- _Your task_
Look through the lines below for the word "Clear", and copy every line that has it.

START Excerpted data

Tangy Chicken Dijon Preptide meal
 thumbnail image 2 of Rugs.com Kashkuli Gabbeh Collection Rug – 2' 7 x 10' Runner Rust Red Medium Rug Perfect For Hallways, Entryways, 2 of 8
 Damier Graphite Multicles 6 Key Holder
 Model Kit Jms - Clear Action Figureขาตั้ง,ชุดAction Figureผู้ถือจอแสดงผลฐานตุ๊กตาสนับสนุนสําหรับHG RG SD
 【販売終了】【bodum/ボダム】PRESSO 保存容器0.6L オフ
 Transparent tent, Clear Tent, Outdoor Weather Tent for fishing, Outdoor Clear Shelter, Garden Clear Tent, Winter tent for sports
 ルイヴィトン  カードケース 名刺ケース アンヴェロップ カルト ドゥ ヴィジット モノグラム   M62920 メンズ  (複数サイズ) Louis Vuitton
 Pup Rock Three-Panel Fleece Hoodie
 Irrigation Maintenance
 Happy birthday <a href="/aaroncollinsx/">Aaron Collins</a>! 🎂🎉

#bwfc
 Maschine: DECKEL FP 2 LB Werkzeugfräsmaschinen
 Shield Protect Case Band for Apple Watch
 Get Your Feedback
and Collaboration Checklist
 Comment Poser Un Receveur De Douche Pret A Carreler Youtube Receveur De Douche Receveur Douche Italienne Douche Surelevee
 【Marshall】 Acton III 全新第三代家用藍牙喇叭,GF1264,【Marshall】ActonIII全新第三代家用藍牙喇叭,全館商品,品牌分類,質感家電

END Excerpted data

- _Completed task_
 Model Kit Jms - Clear Action Figureขาตั้ง,ชุดAction Figureผู้ถือจอแสดงผลฐานตุ๊กตาสนับสนุนสําหรับHG RG SD
 Transparent tent, Clear Tent, Outdoor Weather Tent for fishing, Outdoor Clear Shelter, Garden Clear Tent, Winter tent for sports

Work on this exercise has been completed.